LA Times wanted my input on the subject of men’s hair color. Below is the unedited Q and A.
Is there a spike in the numbers of men [coloring their hair]?
In NYC, there are definitely more men coloring their hair. It’s really no longer taboo.
Is it to get an edge in the workplace or just for fun?
Men are coloring their hair for the same reasons women have always done it. They want to look younger. They want to look edgier and cooler. Or they just want a change.
It can give them an edge at work, but it also helps them “fit in” with their younger co-workers if they are covering gray. In one particular case, a client went almost completely white very rapidly after the financial institution he worked for went out of business. Now he has his own investment firm and he wants his employees to relate to him better. He also wants to look younger in his wedding photos.
Are there color product lines just for men opting to dye their hair?

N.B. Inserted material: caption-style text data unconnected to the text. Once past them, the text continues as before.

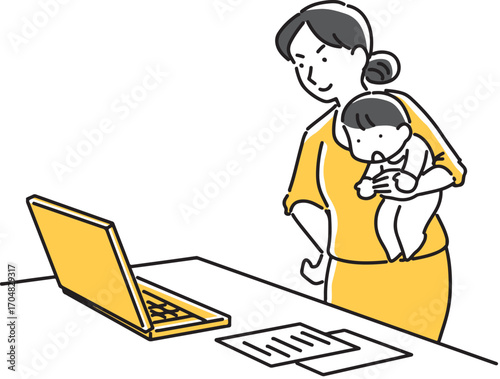 子供を抱いてノートパソコンを見つめる女性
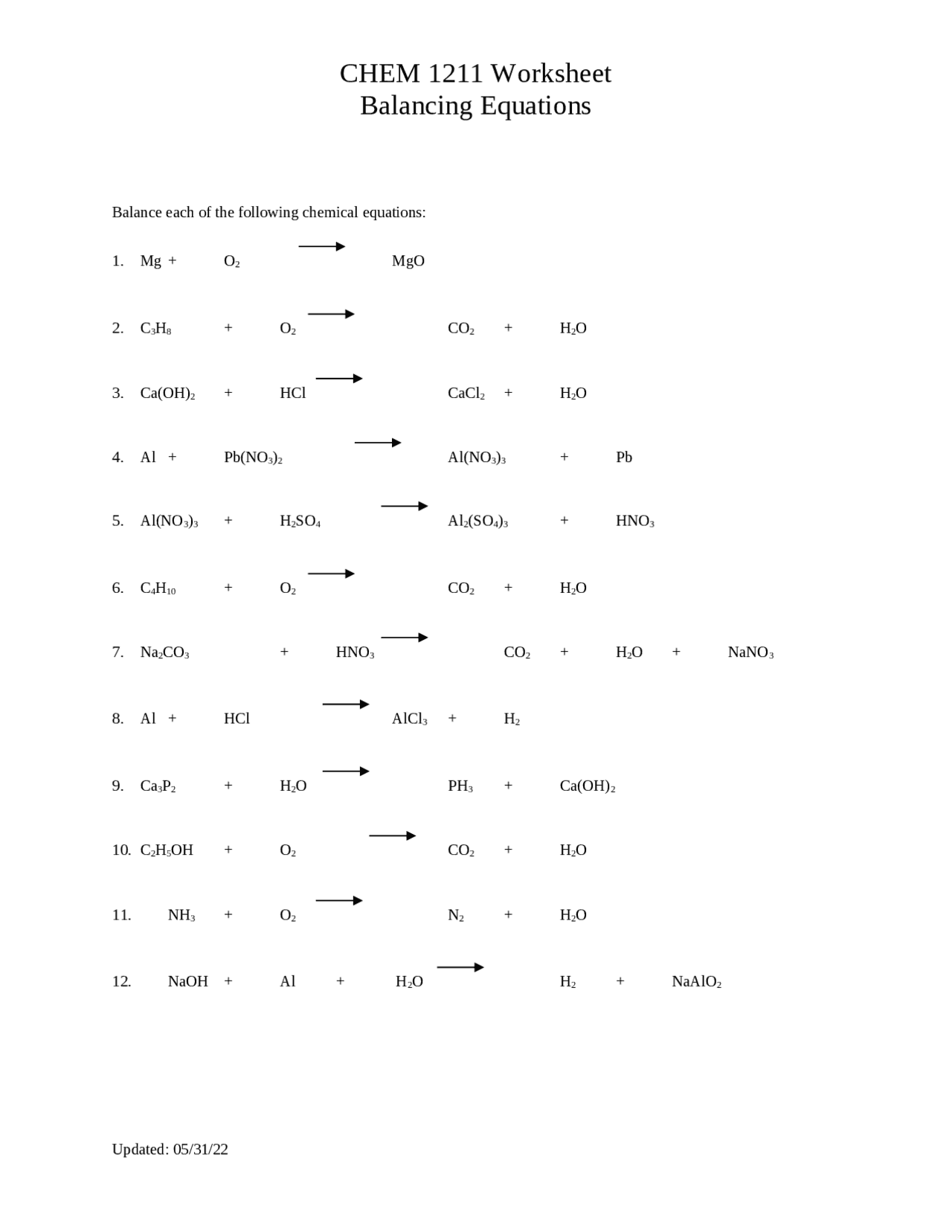 Balancing chemical equation | Quizzes Environmental science | Docsity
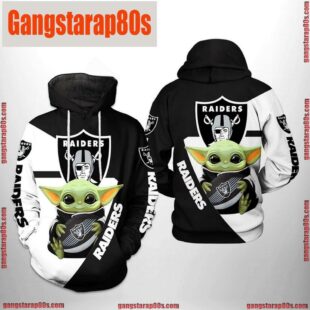 NFL Oakland Raiders Baby Yoda Team All Over Print Unisex Hoodie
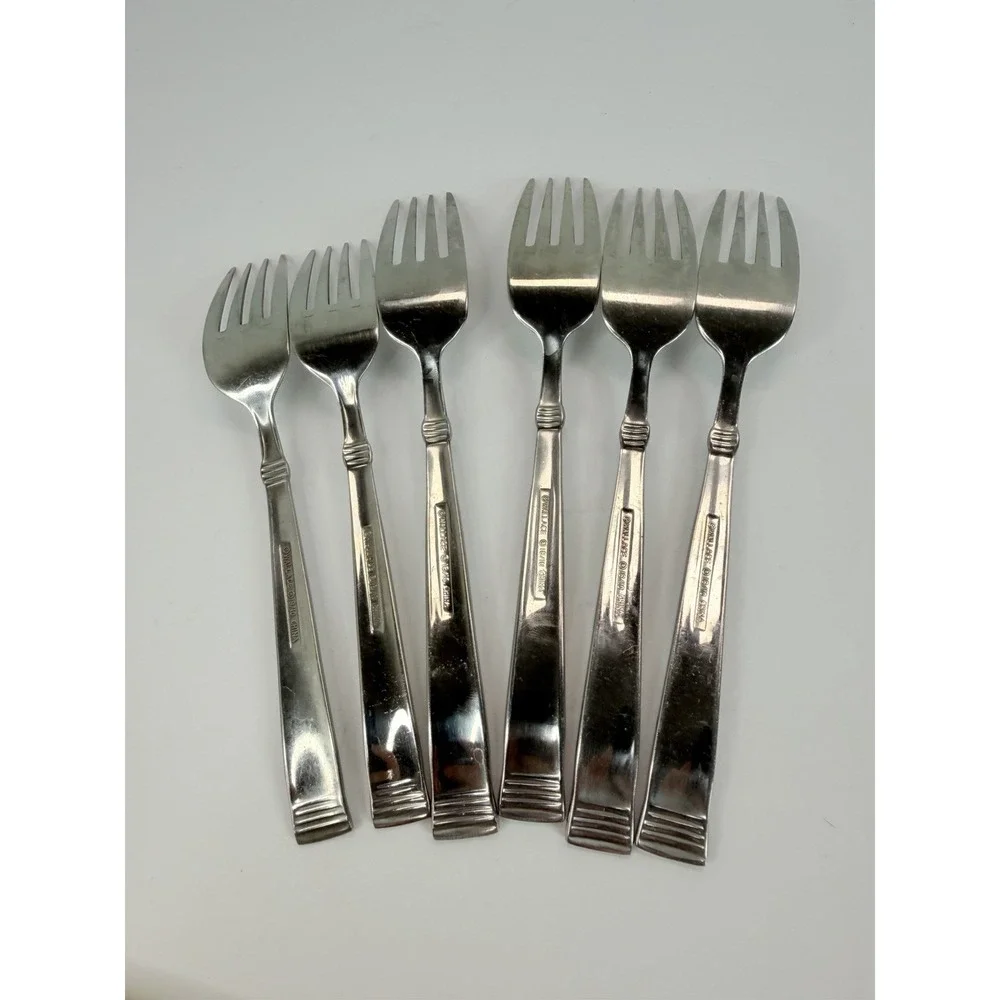 4 Dinner Forks 2 Salad Wallace Napoli Stainless Flatware Glossy Lot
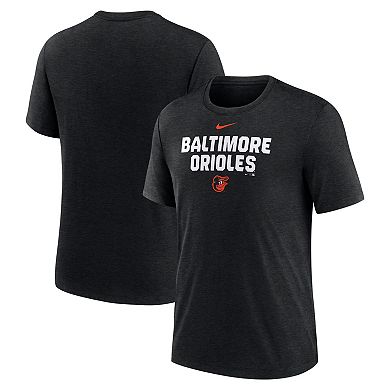 Men's Nike Heather Black Baltimore Orioles Stacked Tri-Blend T-Shirt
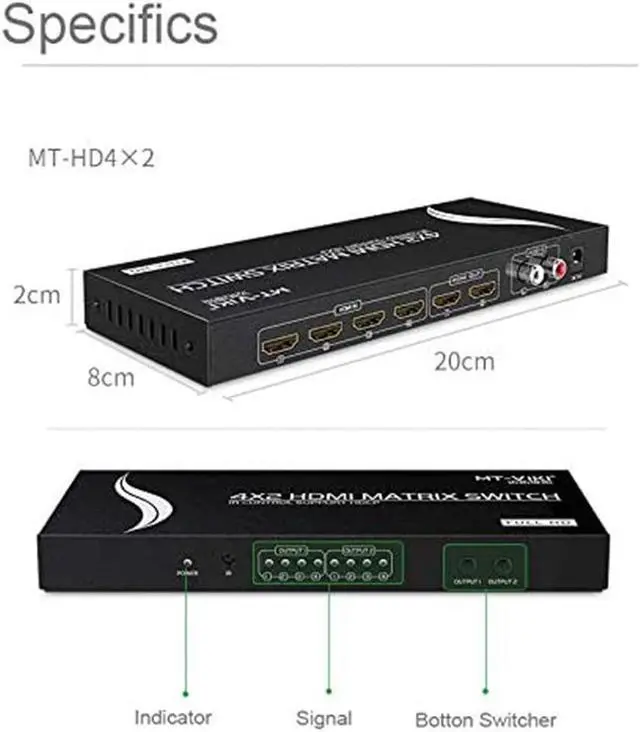 Alt view image 5 of 7 - HDMI Matrix 4x2, MT-VIKI HDMI Matrix Switch 4 in 2 out Splitter with 3.5mm Stereo L/R RCA Audio & IR Remote Control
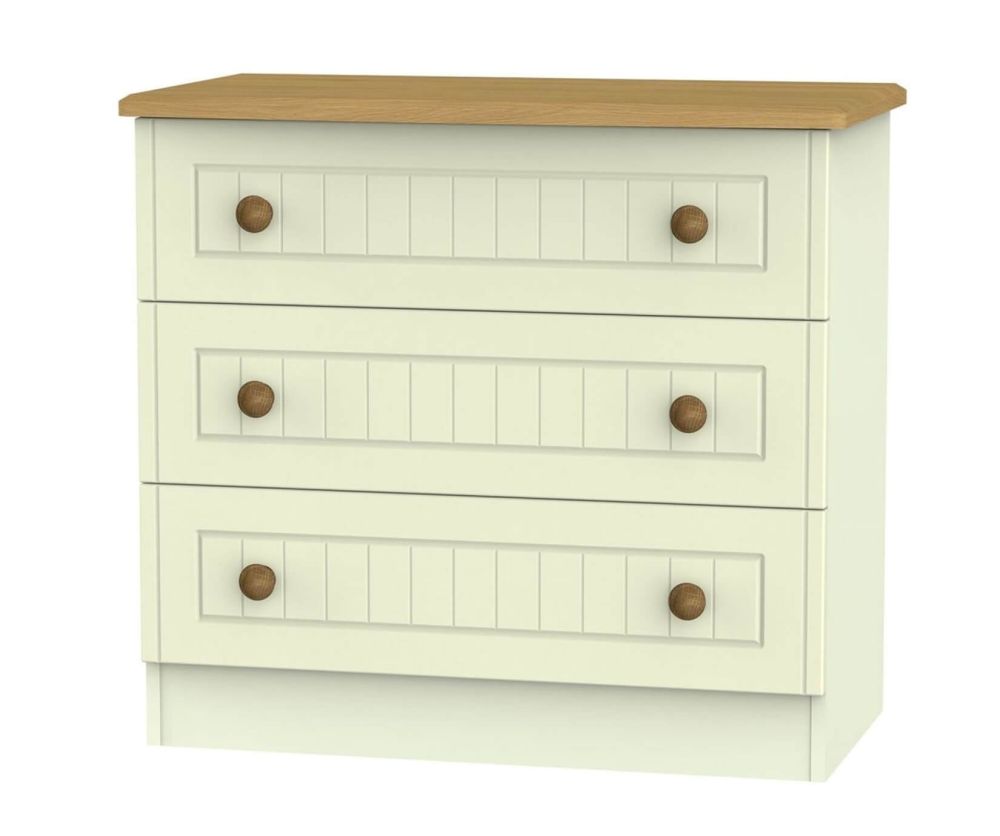 Welcome Furniture Warwick Cream and Oak Chest of Drawer - 3 Drawer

There are some color lines out there that are specifically marketed towards men, but none that I recommend. You don’t need a different product. But you do need to approach the process differently. Men’s hair has more red and gold pigment, so you need to formulate the color to counteract it or it will look really brassy and un-natural.
A mistake a lot of guys make is coloring their hair too dark. Once you go gray, your friends and colleagues get accustomed to seeing you with lighter hair. So stay lighter. For the guy with mostly white hair who is considering a hair color change, I will sometimes recommend starting out with a demi-permanent color to take him to a gray tone. And gradually transition from there.
The great thing about hair color for guys with short hair is that it’s a short-term commitment. It gets cut out pretty quickly if they don’t want to keep it. However, if they are happy with it, it becomes regular maintenance. Cut and color every 4 to 6 weeks.